The biggest issue I can see is that you probably won't reduce the bug count by any significance, but you will increase the pressure and stress on individual developers.
What you need to look at is why and how these bugs are occurring and getting through to production.
First up, communication. Do your developers talk to each other as they work on tasks? Do you talk about architecture and solutions in your scrum/sprint planning? Or does your team just agree to a bunch of stories at the start of the sprint and then work separately with just the morning standups?
Try to encourage pair programming - this will help with information flow, and should have a direct impact on big count. It doesn't need to be a full time thing - but you should try for at least 25-50% of the time. It might seem counterintuitive (two devs on one task!) but it can speed up development time with the information flow, and reduce bugs.
And document - make sure work is properly scoped in a way that covers potential side effects and impact. Also try to score stories and tasks such that they are as small as possible. Small changes have less side effects, and are easier to review (more on that later).
Next up is process. Automated testing and continuous integration is a must in modern software development, and has a pretty low bar for implementing these days.
Have your developers run a linter before they push code to catch silly mistakes like missing semi-colons. Get a static analysis tool to help identify issues with loops and conditionals and so on.

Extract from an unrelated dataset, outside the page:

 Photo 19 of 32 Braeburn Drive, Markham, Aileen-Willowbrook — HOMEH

Agree to a coding style - having a standard style helps decrease bugs by ensuring things like all if blocks should be braced even if they're just a one liner (making it is harder to accidentally add a line of code that should also be in that conditional - a famous Apple bug), or switch statements must have a default. Have a tool that tests that style and automate it.
Implement automated testing. Try and do as small a unit as you can in these tests, but don't slavishly aim for 100% coverage. Sometimes a feature test is better than heavily mocking an MVC framework, for example. Testable code is also usually better structured and easier to change safely. Use tools that let your developers quickly and easily test what they're working on, without needing to run the full suite all the time.

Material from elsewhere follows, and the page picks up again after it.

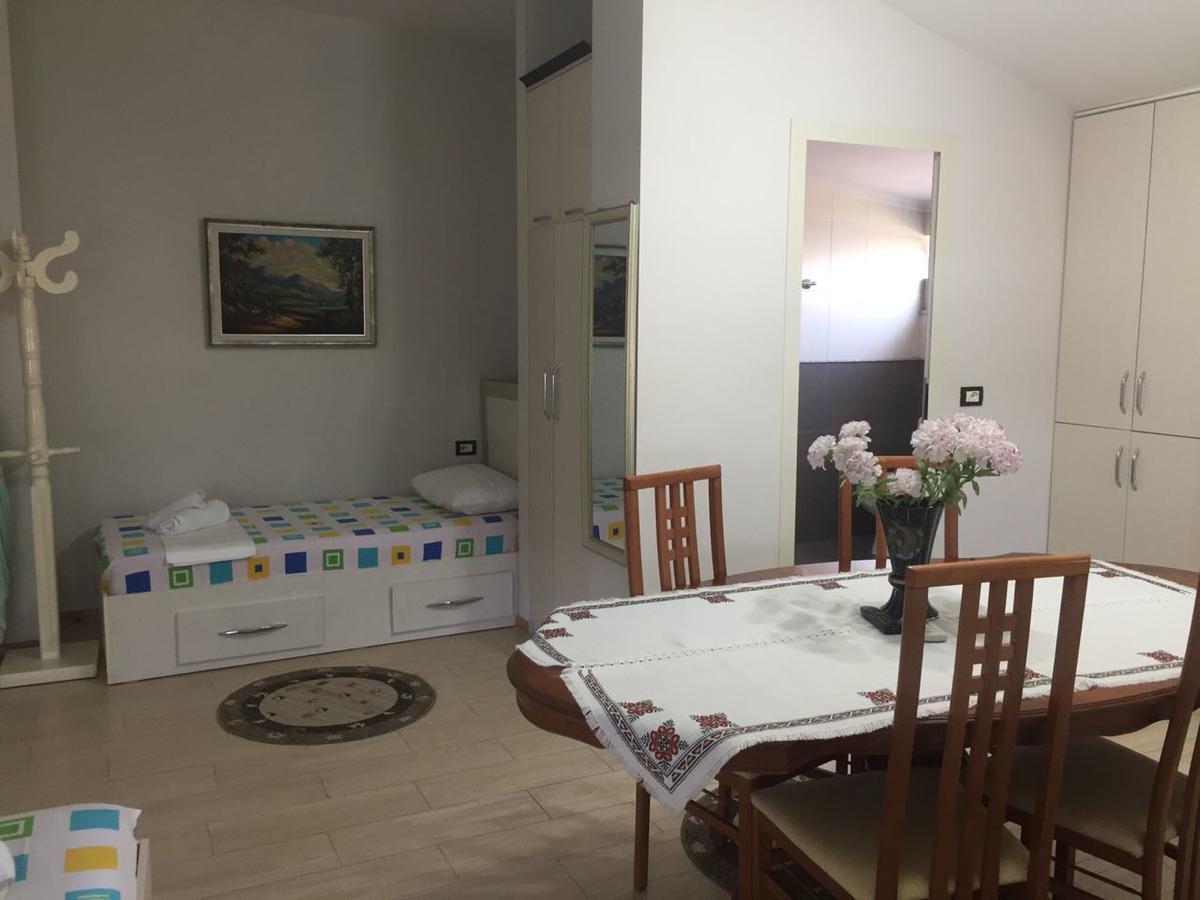 Lille France Apartments Shkodër Екстериор снимка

Automate all your testing so that changes are tested by your developers before they push, and also on your repo after they push. Github, Bitbucket, and Gitlab all have CI pipelines to help with this.
Make sure your developers are rebasing their branches from master regularly (or at least before opening a pull/merge request) so that they can test their code against the latest master.

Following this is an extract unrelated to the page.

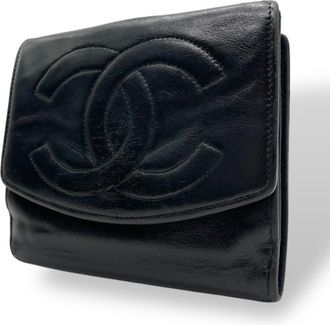 Chanel Black Leather Wallet (Bi-Fold) (Pre-Owned)
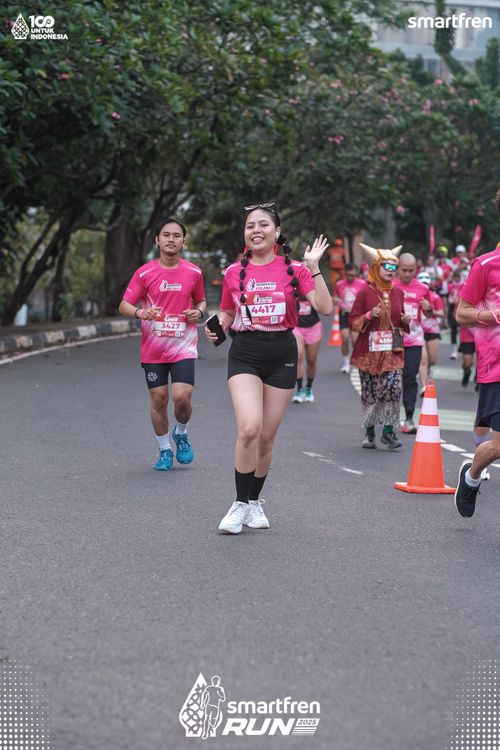 Race photo from Smartfren Run 2025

Have code reviews. Again, tested, documented, and tightly scoped work will make this easy. Larger changes should be reviewed as a pair between the reviewer and the original developer. I've heard of places that have a six-eyeballs rule - so, it a feature is developed as a pair, then a third person must review it. If a feature is solo developed, then it must be reviewed by two people.
A lot of this may seem like it would slow development down, but having good processes in place will reduce bugs, and will speed up development.
If the odd bug or two still gets through, look at what may have broken down in your process and try to change it. If it turns out that a particular developer is bucking the process, then hold them individually accountable. But until that point, bugs are the whole team's problem.